Inevitably the Cuala attacker decorated the match with another critical goal as Dublin eventually shrugged off Mayo’s spirited resistance.

It meant Dublin collected a sixth All Ireland title on the spin, but in this deeply uncertain year, O’Callaghan stressed the value of being involved in such an accomplished outfit.

“We are very much aware of the lucky and privileged position we are in,” O’Callaghan reflected following the match.

“And it’s something that we do regularly talk about in our bunker in DCU, or wherever we train. It’s something we regularly touch on.

“I love playing and I am blessed to be playing with so many good players, lads that I looked up to. To be playing with Stephen Cluxton, James McCarthy, even Mick Fitz(simons) from my own club. It’s something I cherish and I know the lads do inside.

"We also have a really, really strong connection and bond within the team. I suppose it helps when we are winning, but even when we are not, we are very, very tight when things aren’t going well.”

O’Callaghan was thrilled that a Championship took place during a testing 2020 for everybody in the world.

“Like all my friends, I wasn’t able to see my closest friends, some of my brothers and my sister had moved out of the house,” O’Callaghan states.

“To be able to play and train two and three times a week, they really are your brothers, your family, the backroom staff. We do recognise that we are in a really, really privileged position.

Con O'Callaghan remains an influential figure in the Dublin senior football team.
Con O'Callaghan remains an influential figure in the Dublin senior football team.

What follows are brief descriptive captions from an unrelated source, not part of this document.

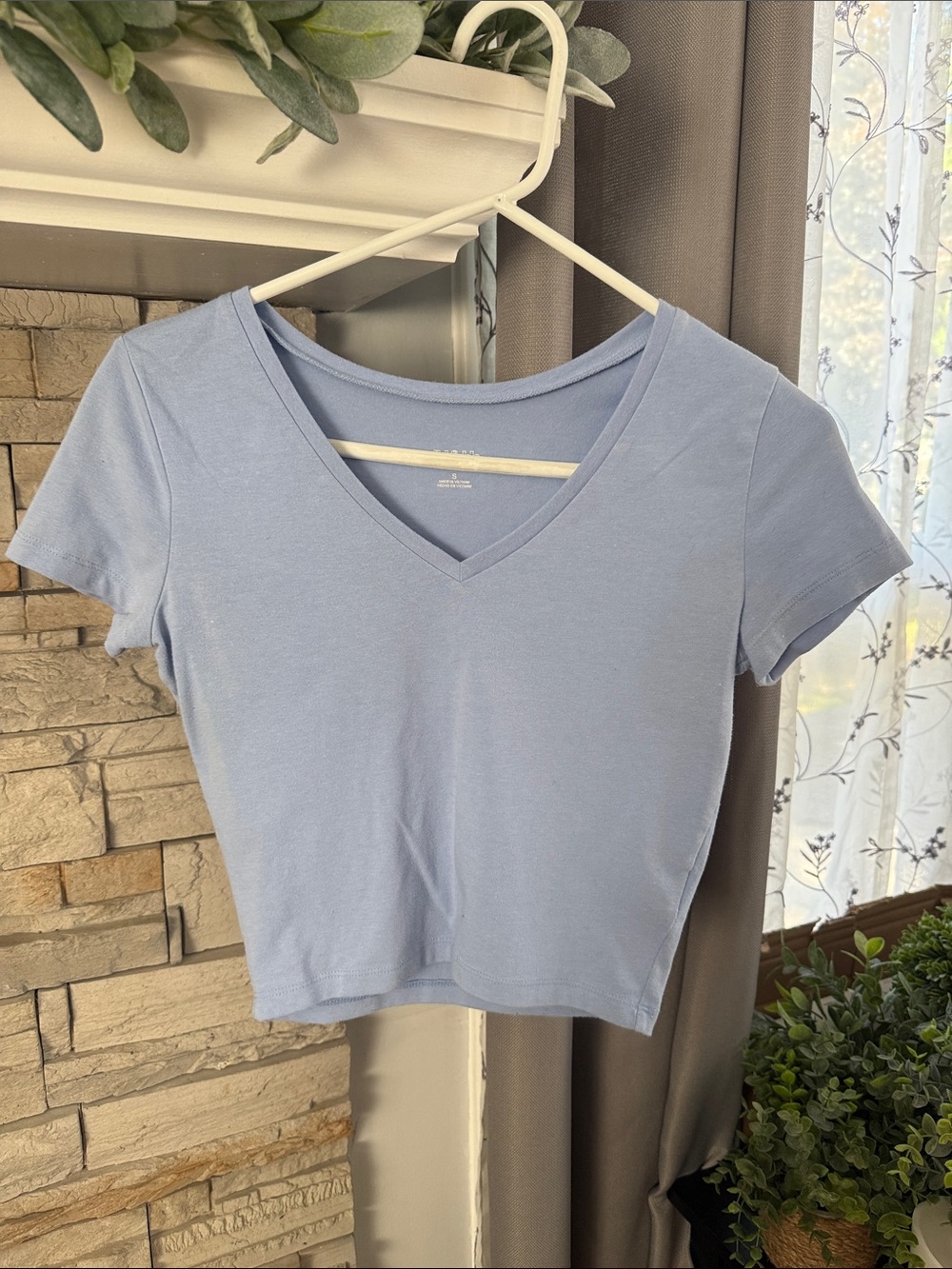 wild fable Cropped Tees(3)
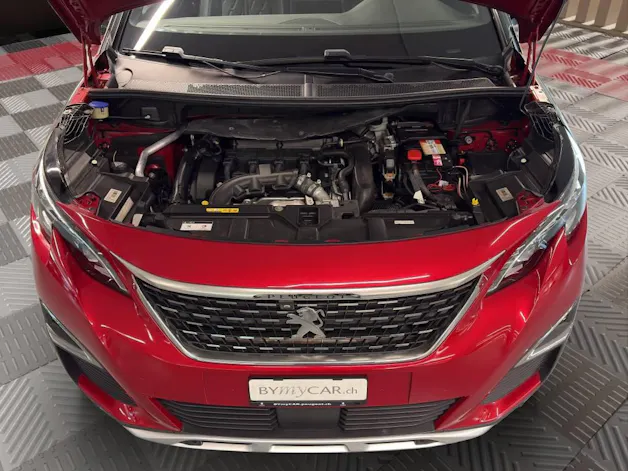 PEUGEOT 3008 1.6 THP GT Line EAT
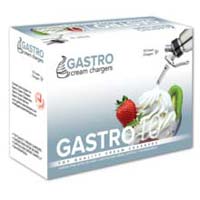 Gastro 10 Whipped Single Cream Charger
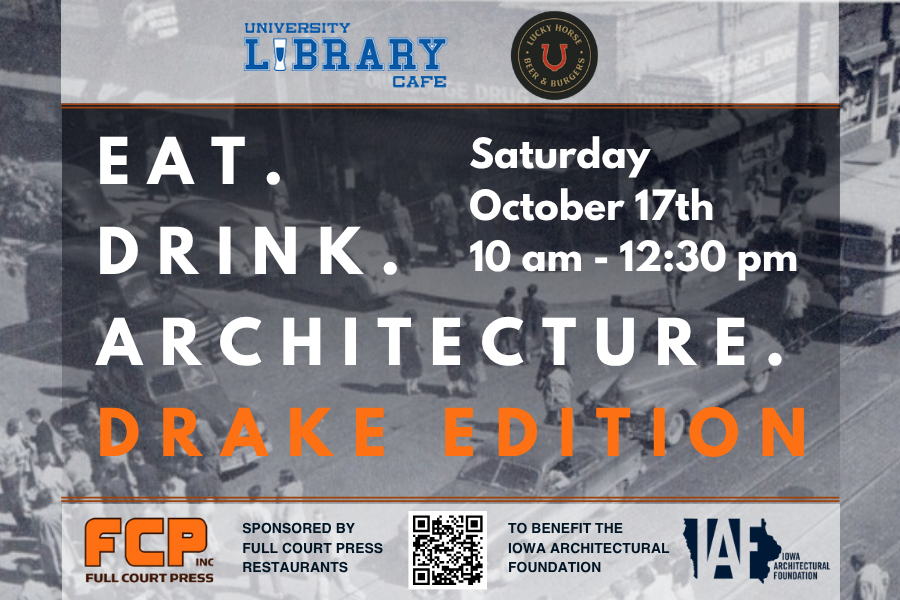 Eat|Drink|Architecture: Drake Edition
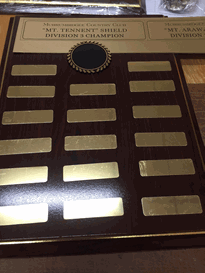 Year 10 TCC “Council Community Service Awards”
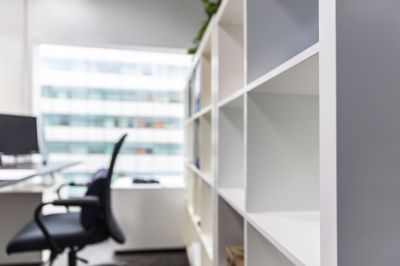 Built In Desk Installation in Greensboro, NC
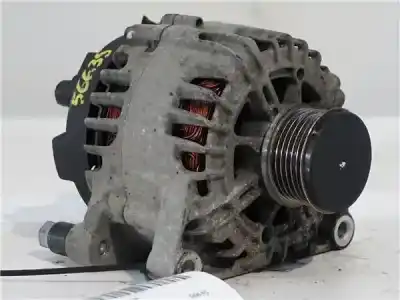 Second-hand car spare part alternator for mazda 2 (b2w) 1.4 cd oem iam references 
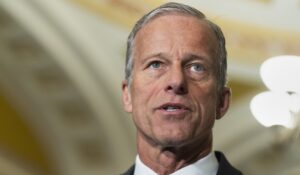 John Thune Gives the Middle Finger to the SAVE America Act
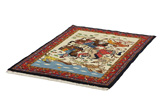 Sarouk - Farahan Persian Carpet 148x100 - Picture 2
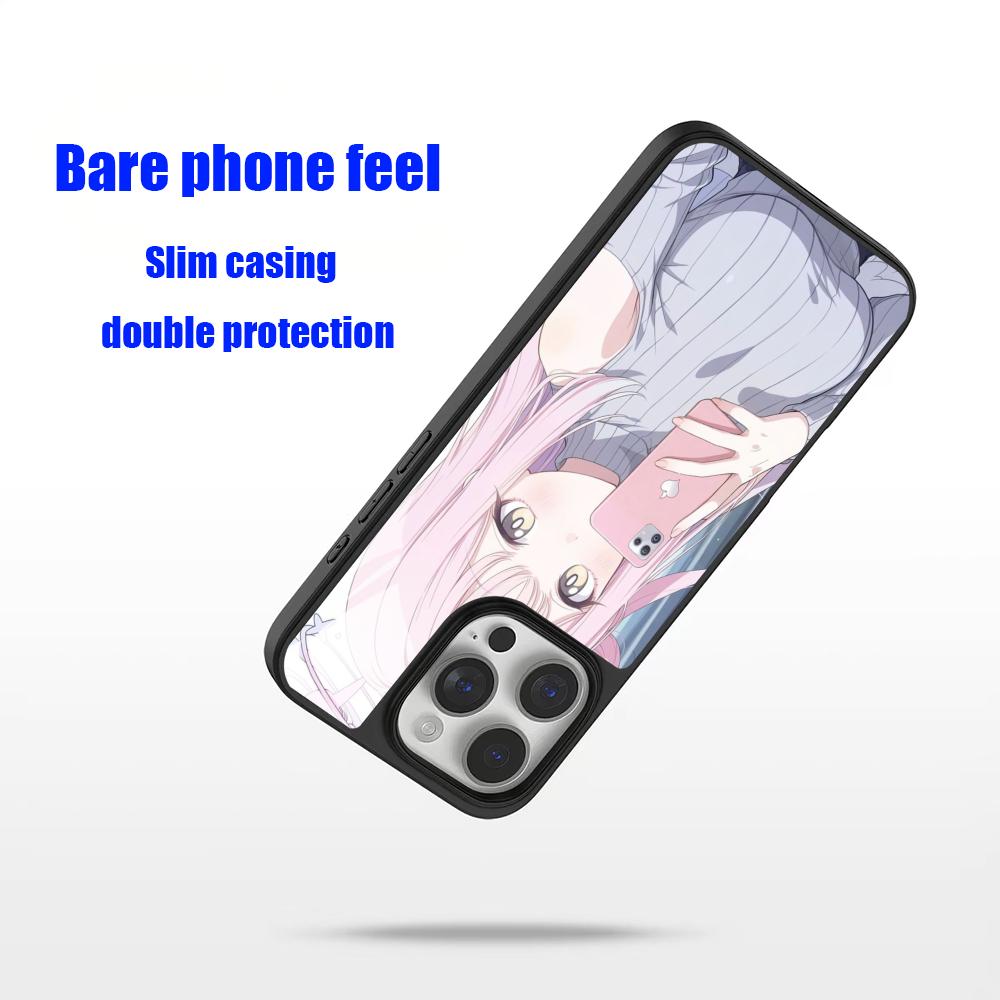 Coque de téléphone Hot Blue Ar - Phone Cases Blue avis et prix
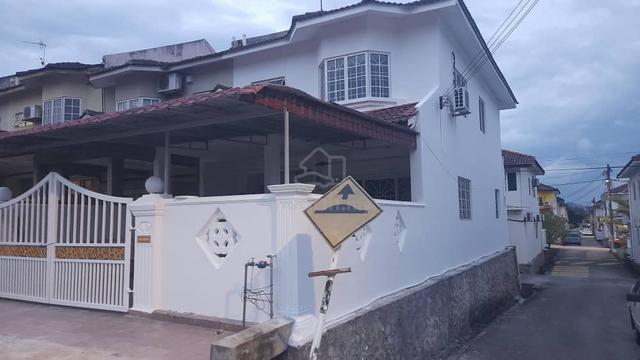 taman megah seremban 2 Conner lot rental 1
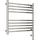 Полотенцесушитель электрический Сунержа Богема 3.0 П9 500x500 мм (выгнутая перемычка) 00-5803-5050 R - фото 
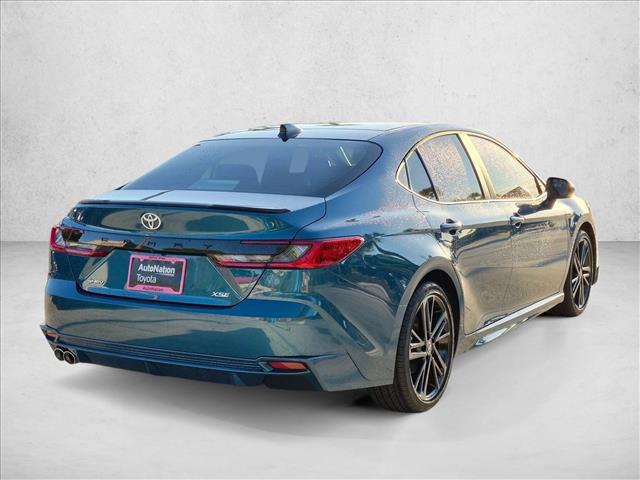 2026 Toyota CAMRY XSE thumbnail 2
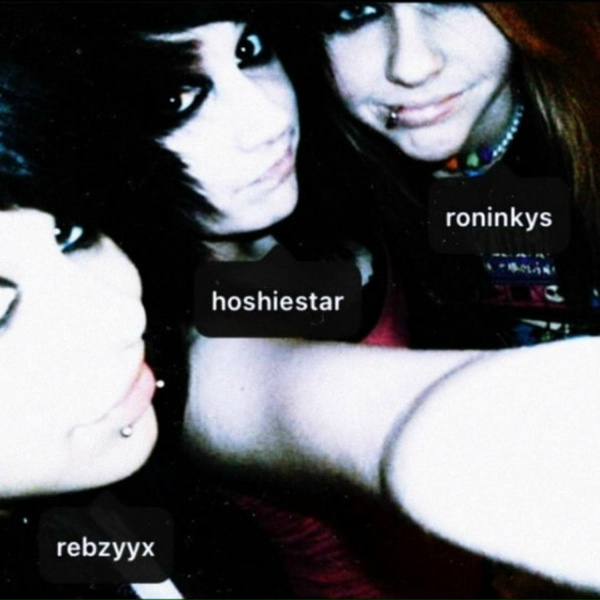Rebzyyx, hoshie star, roninkys - skinny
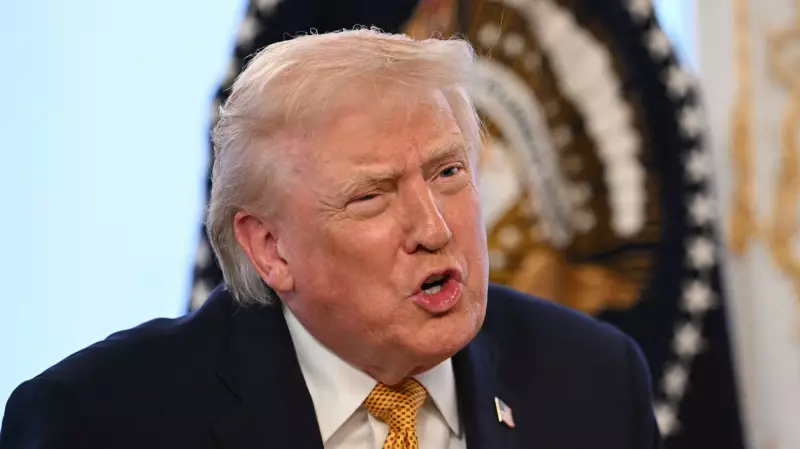 Trump's Christmas Rant Targets Epstein Associates, Dismisses Ties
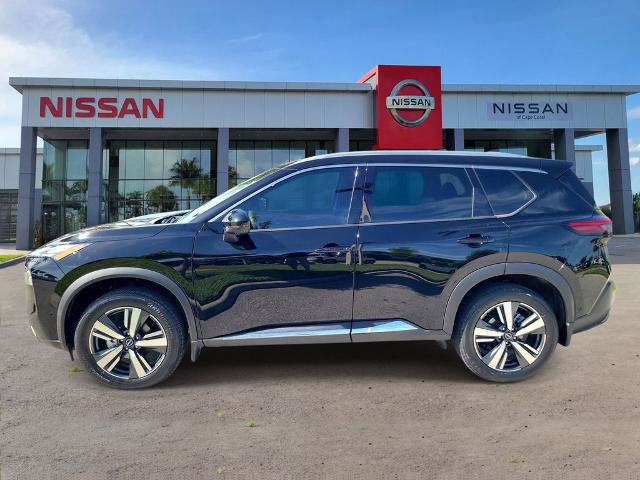 Certified 2023 Nissan Rogue SL w/ SL Premium Package FWD image 8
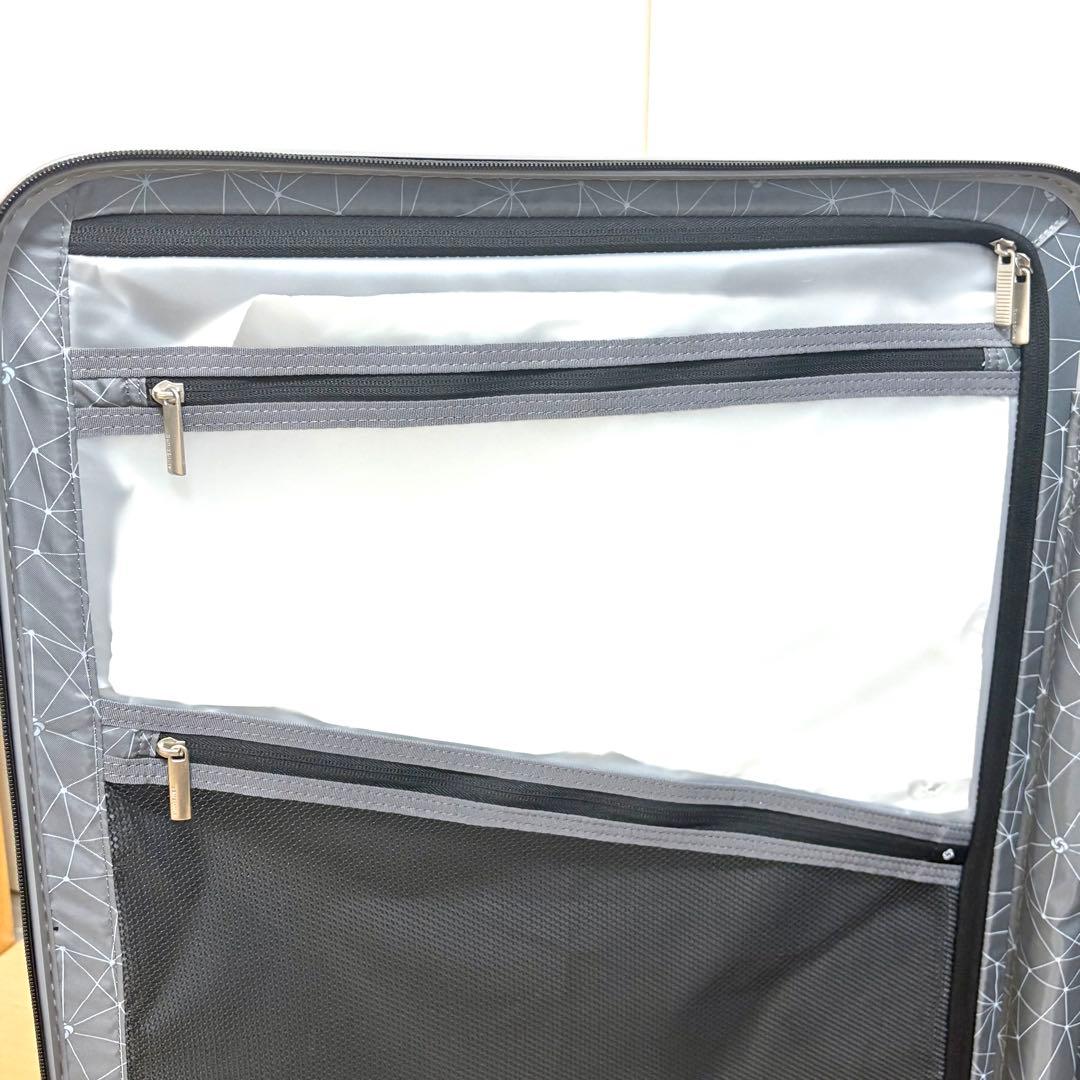 【新品未使用】Samsonite ELEMENT XLT 2.0 シルバー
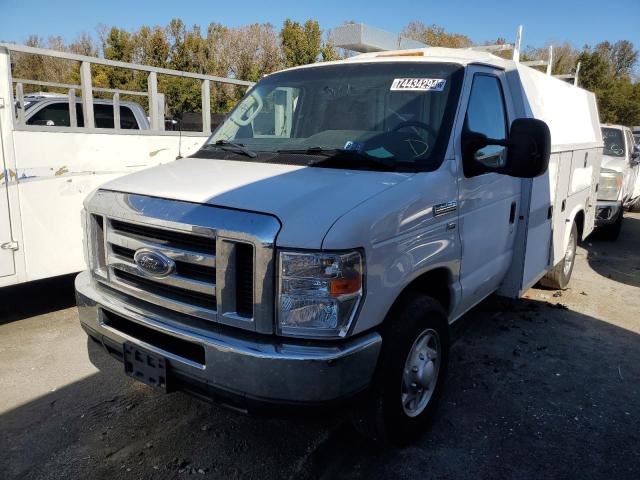 FORD ECONOLINE 2017 1fdwe3f64hdc74455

“We did talk about it at the start, that there is that added, not weight on your shoulder, but that added privilege that you are able to do what you want, when so many people are going through really, really hard times, young people and old people alike.

“We were really grateful for that and it’s something we definitely touched on a lot.”

Mayo posed stern questions, but Dublin had the resolve and resilience to find the necessary answers. “I talked to the other lads there and it’s something that always happens with Mayo,” O’Callaghan admits.

“They bring such a fierce intensity, like. We knew that was the case and we had spoken about it. It’s a different story speaking about it and actually being out there.

“You can review all the tapes that you want and say there are opportunities inside or there are goal opportunities but when you are in the white heat of battle, and someone is facing you down, putting you under pressure, getting contact on you, it’s much different.

“You are forced to make mistakes and that’s something they do really well. We struggled to come to grips with that early on.”

O’Callaghan had an interesting tussle with the emerging Mayo footballer Oisín Mullin during the decider.

“Oisín Mullin was on me, he’s a really good player," O'Callaghan remarks. “I hadn’t marked him before. He won a kickout or two early on. I think I had a chance on goal. I probably could have taken an easy score to put it over.

“Yeah, I tried to take the chances that came my way. Again, it’s really just playing as part of that team. We got two team goals, which is really important to us. Yeah, maybe it did settle me down a little bit.”

O’Callaghan flourished once more on the Croke Park stage.